Migrating Western settlers, the modern placards note, were fascinated by scores of springs in the vicinity of today's Soda Springs. The natural fountains were big and little, rotten-egg smelly or enticingly bubbly, and thus called "beer springs" and "soda springs."

"Gladly would I have spent some time in this most interesting valley, but my companions, less enthusiastic than I, insisted on pushing on," Oregon-bound emigrant F.A. Wislizenus wrote in July 1839.

Government pathfinder John C. Fremont was another enthusiast of this stretch along the Bear River, where he camped near surging Steamboat Springs, now drowned by a reservoir. He found the area "altogether a place of very great interest, and a traveler for the first time in a volcanic region remains in a constant excitement, and at every step is something remarkable and new."

Soda Springs is today a highway, railroad, ranching and mining center, and in its very midst is another wonder: Captive Geyser, a nature-fed but man-made phenomenon that spouts, due to a timer, on the hour, every hour of every day.

It was created three-quarters of a century ago, when Soda Springs entrepreneurs proposed a drilling project in search of a hot-water source for a swimming pool and resort. Instead, 315 feet down on Nov. 28, 1937, they tapped mineral water unsuitable for their purposes. When the drill-bit was removed, "the ground shook as if it were about to split open and a roaring geyser of more than 70 feet streamed upward from the valve," a display's text reports.

Captive Geyser, surrounded by a rust-colored, mineral-built dome and powered by carbon dioxide gas in a subterranean chamber, isn't the tourist haven Soda Springs hoped for. The little park and its exhibits, though, make a great rest stop — and the geyser itself is nothing if not dependable — more faithful than Yellowstone's Old Faithful itself.

Other springs dot the area, some offering a taste of their contents, and nearby roadside exhibits outline both human and geologic history.

For instance, west of Soda Springs, at Soda Point, aka volcanic Sheep Rock, the Bear River makes a graceful turn south toward Utah, and the viewpoint right above the stream is quite breathtaking.

Here the Oregon Trail bent northwest, toward the valley of the Portneuf River. And 16 miles north of U.S. 30 is another Mormon landmark, the frozen-in-time ghost town of Chesterfield, Idaho. Landowners and the Chesterfield Foundation have set about preserving what's left, from individual houses and stores to the trim 1892 LDS meetinghouse and a nearby amusement hall.

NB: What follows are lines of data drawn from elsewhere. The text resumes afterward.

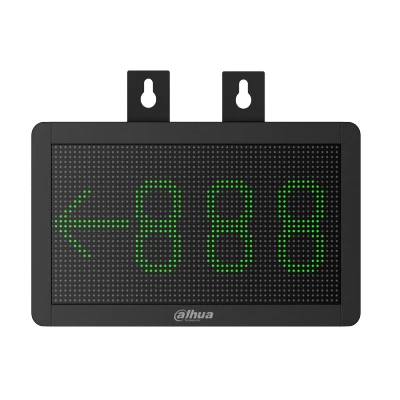 DHI-IPMPGI-110AC 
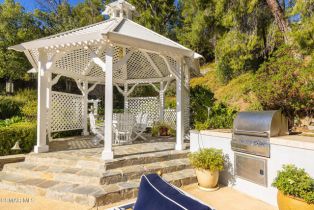 Single Family Residence, 29359 Wagon rd, Agoura Hills, CA 91301 - 50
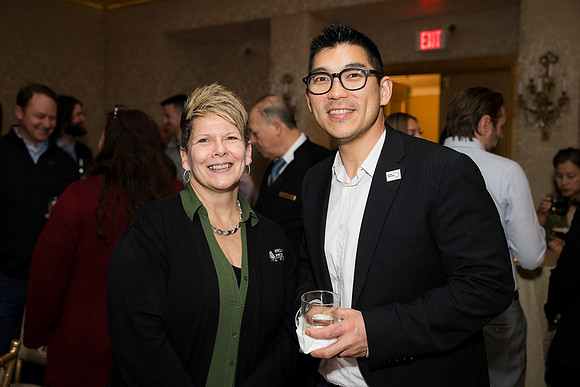 0035__3-5-25_Iron-Mountain-Data-Centers-Award-Dinner-St-Regis-Hotel-DC-Event-Photojournalism-photographers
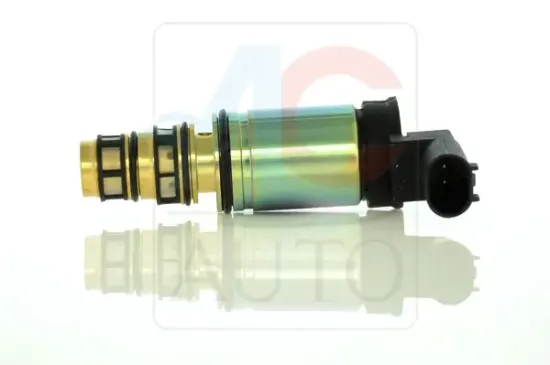Regelventil, Kompressor ACAUTO AC-02DL06 Bild Regelventil, Kompressor ACAUTO AC-02DL06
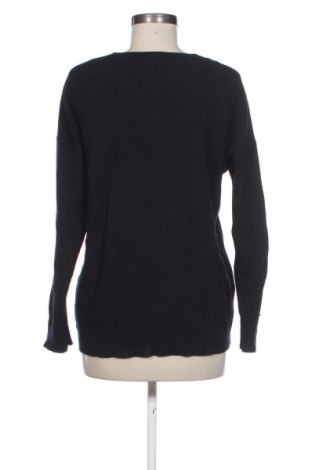 Damenpullover Edc By Esprit, Größe L, Farbe Schwarz, Preis € 4,80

Dry farms and ranches still thrive all around the town, which sat smack on the old Oregon Trail, little used after the railroad came through. Many structures, such as schools, are gone, but Chesterfield's scattered buildings are open to visitors from Memorial Day through Labor Day each year.

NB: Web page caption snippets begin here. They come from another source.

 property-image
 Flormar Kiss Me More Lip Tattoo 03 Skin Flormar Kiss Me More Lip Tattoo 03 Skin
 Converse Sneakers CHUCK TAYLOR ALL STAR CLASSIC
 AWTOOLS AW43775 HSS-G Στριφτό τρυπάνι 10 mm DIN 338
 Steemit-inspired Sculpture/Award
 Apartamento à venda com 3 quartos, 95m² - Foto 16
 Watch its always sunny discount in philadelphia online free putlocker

Besides its Mormon roots, Chesterfield is prized by preservationists because it is a time-capsule village, retaining the agrarian appearance of a town from just before and just after the turn of the 20th century. As such, it is on the National Register of Historic Places.

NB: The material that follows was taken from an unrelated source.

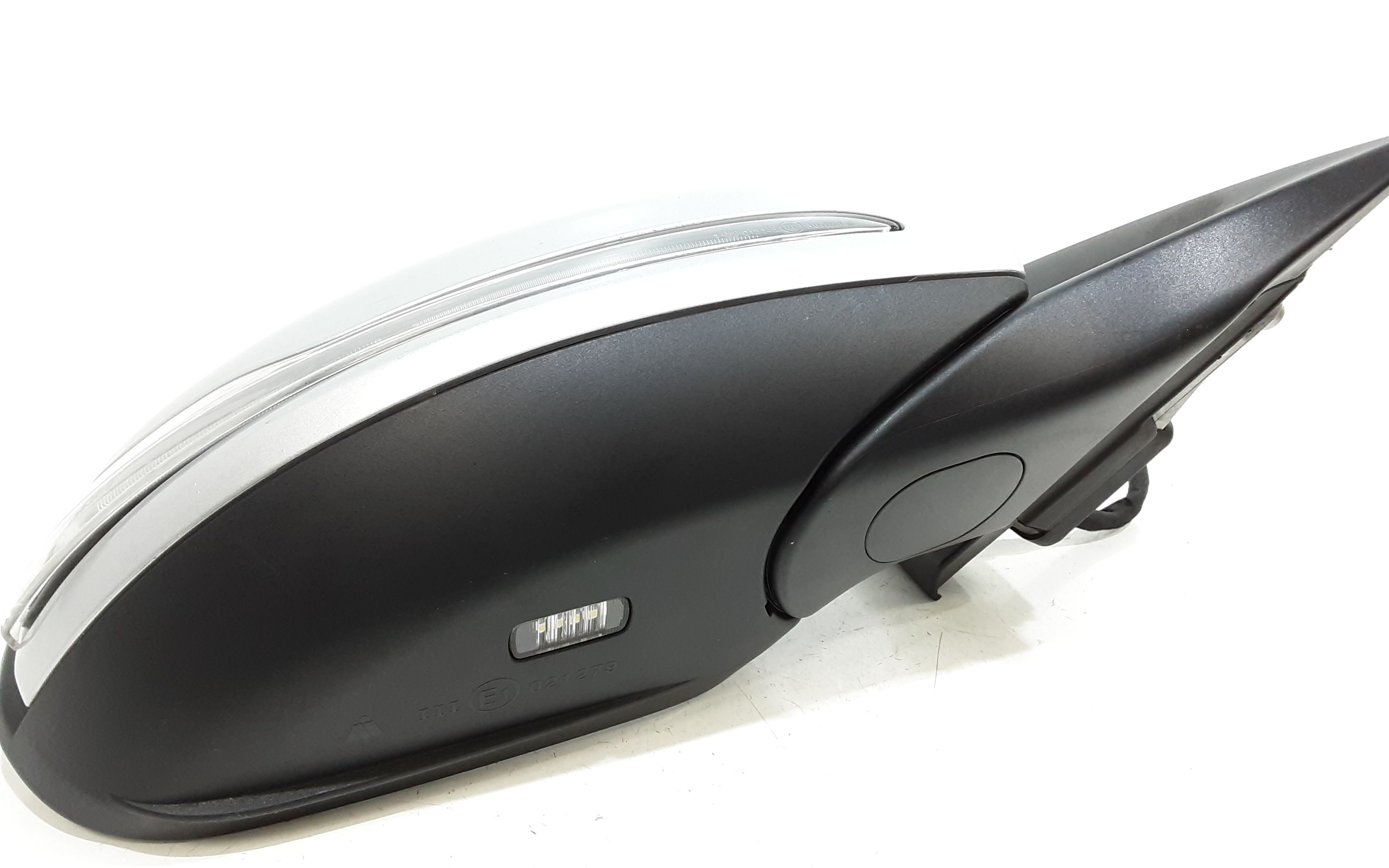 Specchietto Retrovisore Destro MERCEDES GLC Serie (W253) (15>)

"Mormon pioneers settled this area along the Oregon Trail in the 1880s," laying out a traditional Mormon town grid with 10-acre blocks, one marker notes. "The town was named Chesterfield because it reminded some of the countryside around Chesterfield, England, and to honor the settlement's founder, Chester Call."

By 1900, the community had 418 residents, but an agricultural decline in the 1920s and the Great Depression of the 1930s depleted the settlement.

During Chesterfield's heyday, it still served the occasional trekker, notes a DUP marker beside the brick meetinghouse.

"After the arrival of the first settlers of Chesterfield in 1875, covered wagon trains continued to use the old Oregon Trail …, which passed this point." Usually tired and sometimes ill, "travelers arrived here from early spring to late autumn. Local pioneers fed the hungry, nursed the sick, replenished their supplies and exchanged fresh horses for weak or lame ones."

The town and its pleasant rural views may now be slightly off the beaten track, but the location, like many others along or near U.S. 30, at the top of the would-be State of Deseret, are wonderful reminders of times long past.